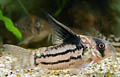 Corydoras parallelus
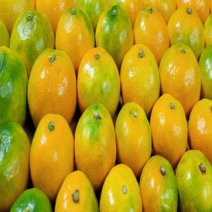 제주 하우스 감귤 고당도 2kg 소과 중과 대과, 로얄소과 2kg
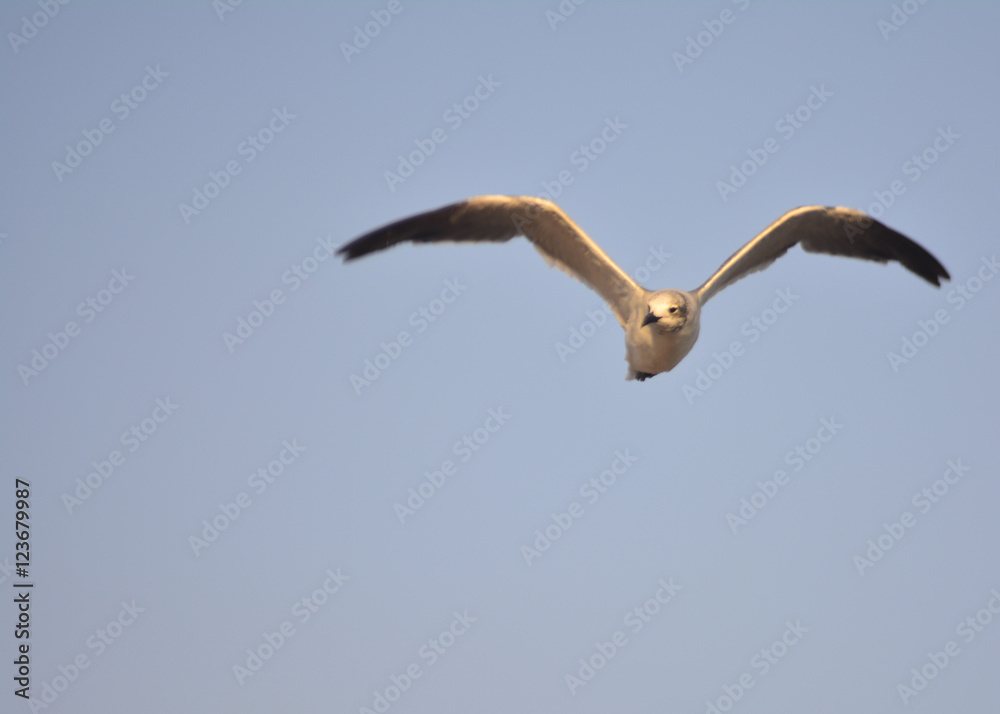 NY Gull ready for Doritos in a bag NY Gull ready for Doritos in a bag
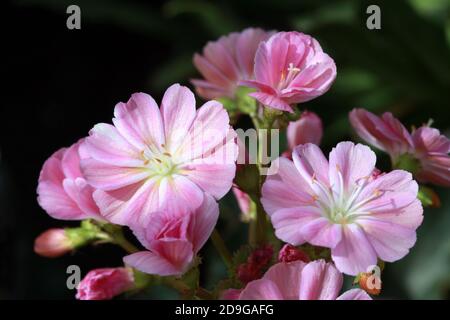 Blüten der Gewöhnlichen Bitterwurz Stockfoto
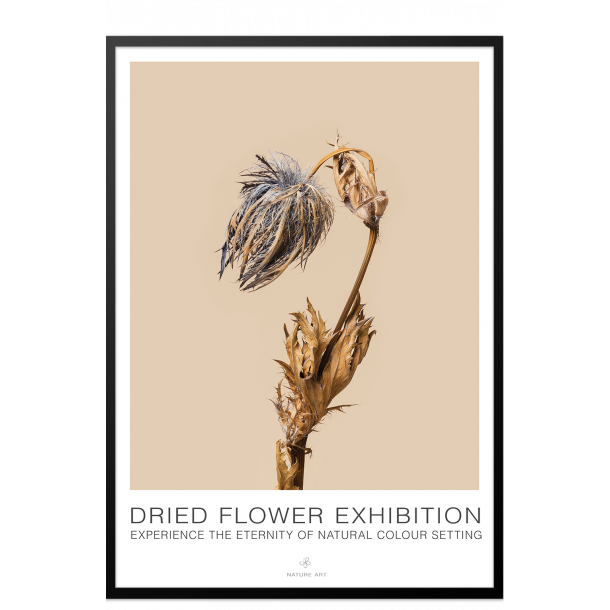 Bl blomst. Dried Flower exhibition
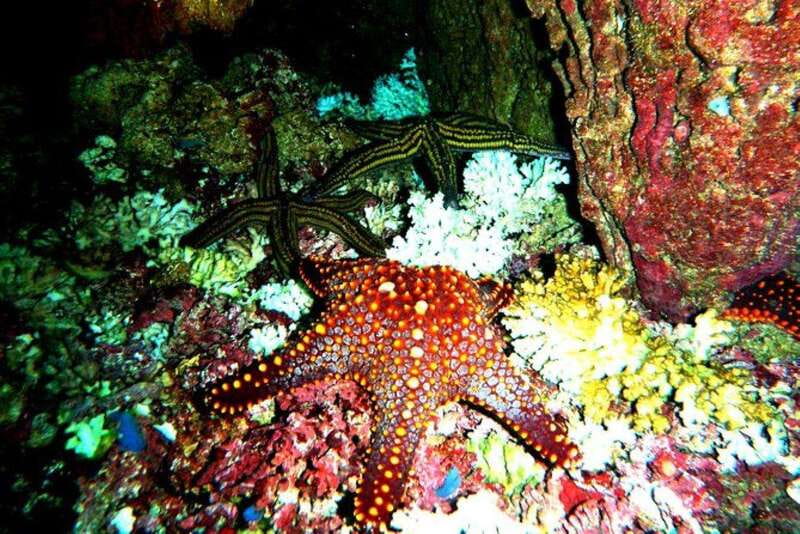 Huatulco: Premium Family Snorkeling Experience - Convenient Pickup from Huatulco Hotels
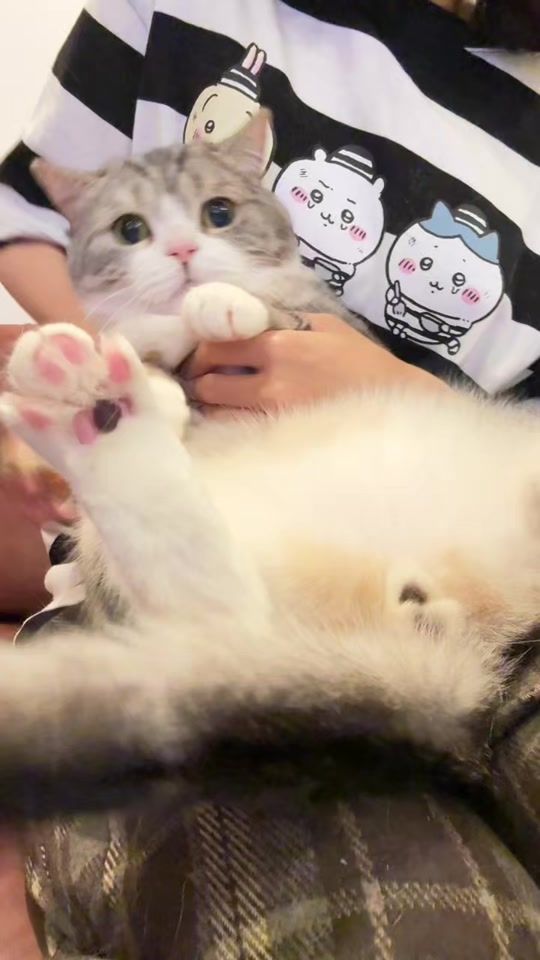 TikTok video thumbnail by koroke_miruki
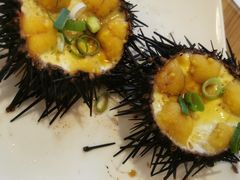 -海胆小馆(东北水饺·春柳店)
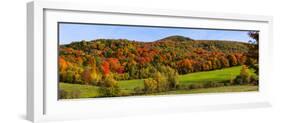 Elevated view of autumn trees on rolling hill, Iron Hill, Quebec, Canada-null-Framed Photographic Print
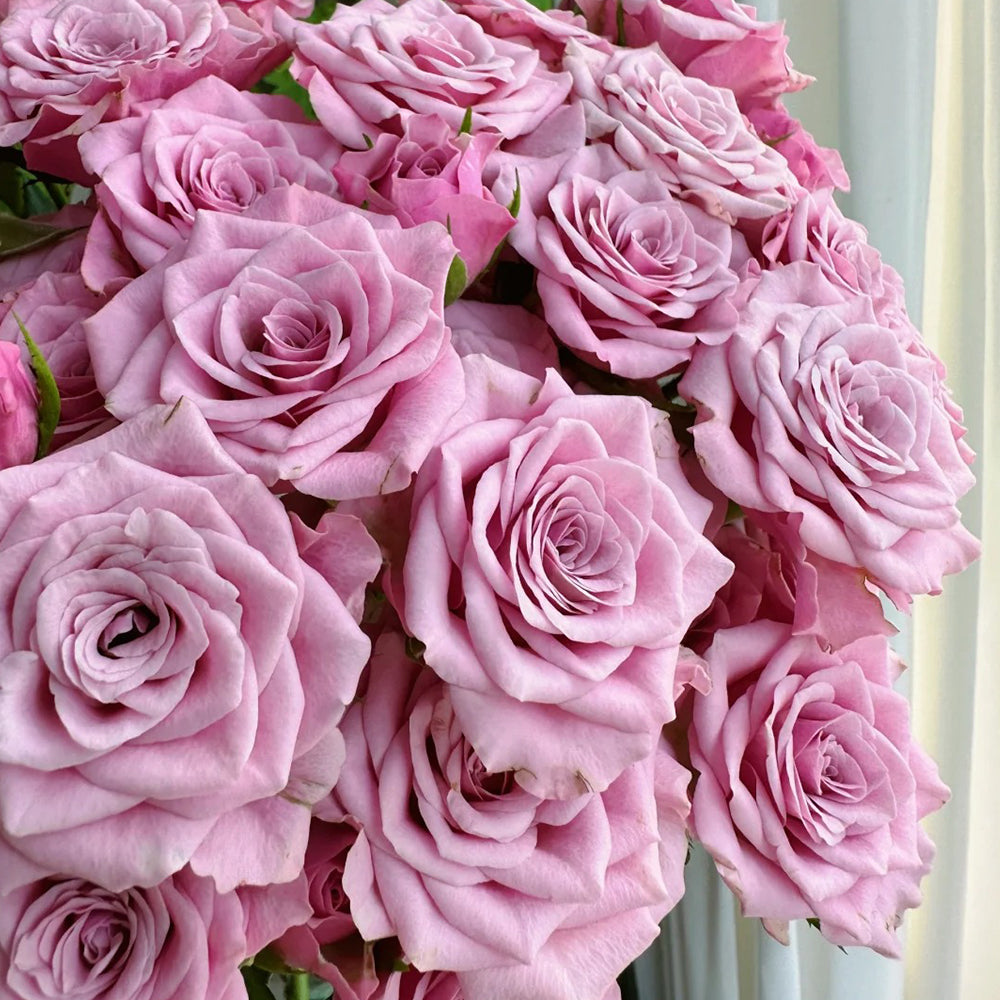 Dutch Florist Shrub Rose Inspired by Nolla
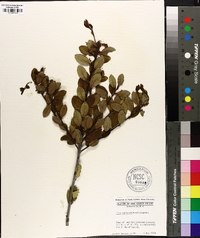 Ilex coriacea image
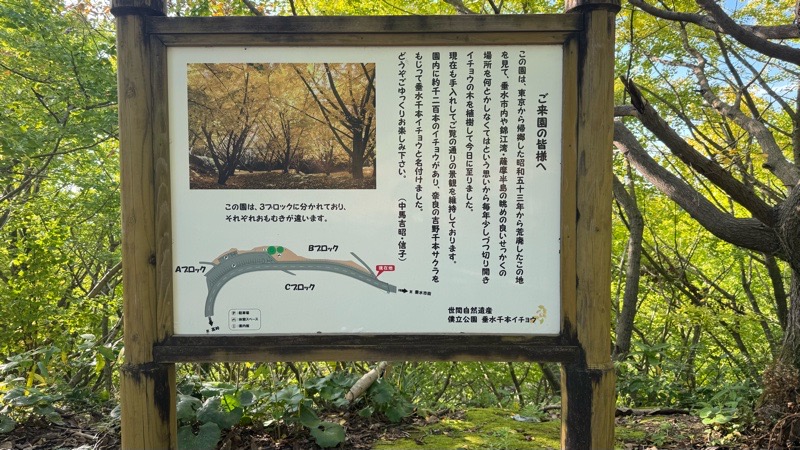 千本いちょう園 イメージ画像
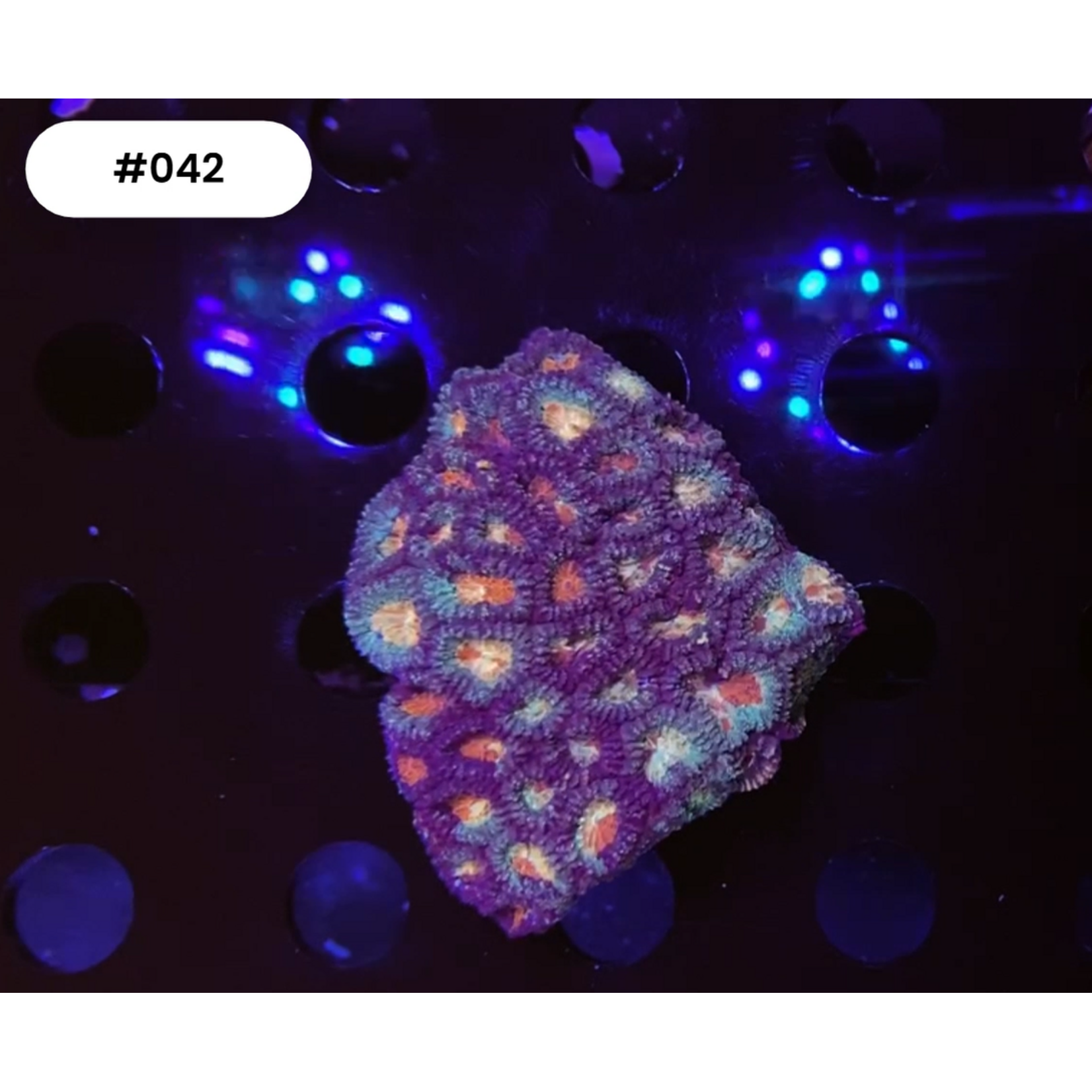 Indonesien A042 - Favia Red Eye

### [TASK TO CARRY OUT]
In the copy, include every line of the entries above exactly and none of the pictures.

### [SOLUTION]
 Corydoras parallelus
 제주 하우스 감귤 고당도 2kg 소과 중과 대과, 로얄소과 2kg
 NY Gull ready for Doritos in a bag NY Gull ready for Doritos in a bag
 Blüten der Gewöhnlichen Bitterwurz Stockfoto
 Bl blomst. Dried Flower exhibition
 Huatulco: Premium Family Snorkeling Experience - Convenient Pickup from Huatulco Hotels
 TikTok video thumbnail by koroke_miruki
 -海胆小馆(东北水饺·春柳店)
 Elevated view of autumn trees on rolling hill, Iron Hill, Quebec, Canada-null-Framed Photographic Print
 Dutch Florist Shrub Rose Inspired by Nolla
 Ilex coriacea image
 千本いちょう園 イメージ画像
 Indonesien A042 - Favia Red Eye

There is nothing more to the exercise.